If I could send a message to my past self it would be to use the freedom I had at University to actually embrace the part of myself that I had known since shortly after starting Secondary School. And, you know, accept the offers of help and acceptance I was lucky enough to receive even if I didn't! That would have been life changing to the point where I can't actually predict what would have resulted still less imagine it properly. Where I am now would not have been an option though, I do know that.
I would not hide my kink bdsm need that I had since I started having sexual thoughts. I would of told the girls I was dating and not just made some small reference to it and when felt shamed never bring it up again. I’d not allow them or anyone to stop me from being me. I’d a made it a point to not settle for a women unless they also were just as much into as I am so it’s mutually beneficial to both of us! If we could only go back!!
talk about things more. That's what I would tell my younger self about virtually every aspect of my life, to be honest.
I think I'd have told myself to be more confident, not so afraid of things that seemed a little out of the ordinary. To understand that its not perverted to play with sex and toys and that done within a loving a consensual environment it can be very rewarding and satisfying.
been more open to be locked in chastity by my Mistress. Since being locked our Mistress/sissy relationship has got stronger.
Like most, I would have surrendered myself both sexually and physically to my wife many years ago. She is just now starting to embrace the lifestyle, especially bondage and discipline, after a year. I can only imagine where we would be had we started 5+ earlier!
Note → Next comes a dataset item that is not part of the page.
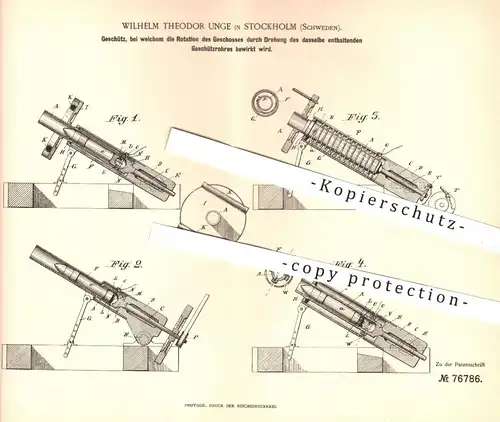 original Patent - Wilhelm Theodor Unge , Stockholm , Schweden , 1893 , Geschütz , Geschütze | Waffe , Waffen , Geschosse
For sure I would commit to more communication about our feelings and desires. The hard one for me: would I have worked to see if there could be more kink in our relationship before committing for life, and possibly not committing without? This is all a meaningless hypothetical, of course. But I think I would have committed regardless, even if I were more accepting my own kink desires, because everything else about our relationship is so wonderful: it's been a compromise, but one I'd rather make than live without her. I would hope that by being more open and building stronger communication earlier we might have grown more in the kink direction together than we have (so far).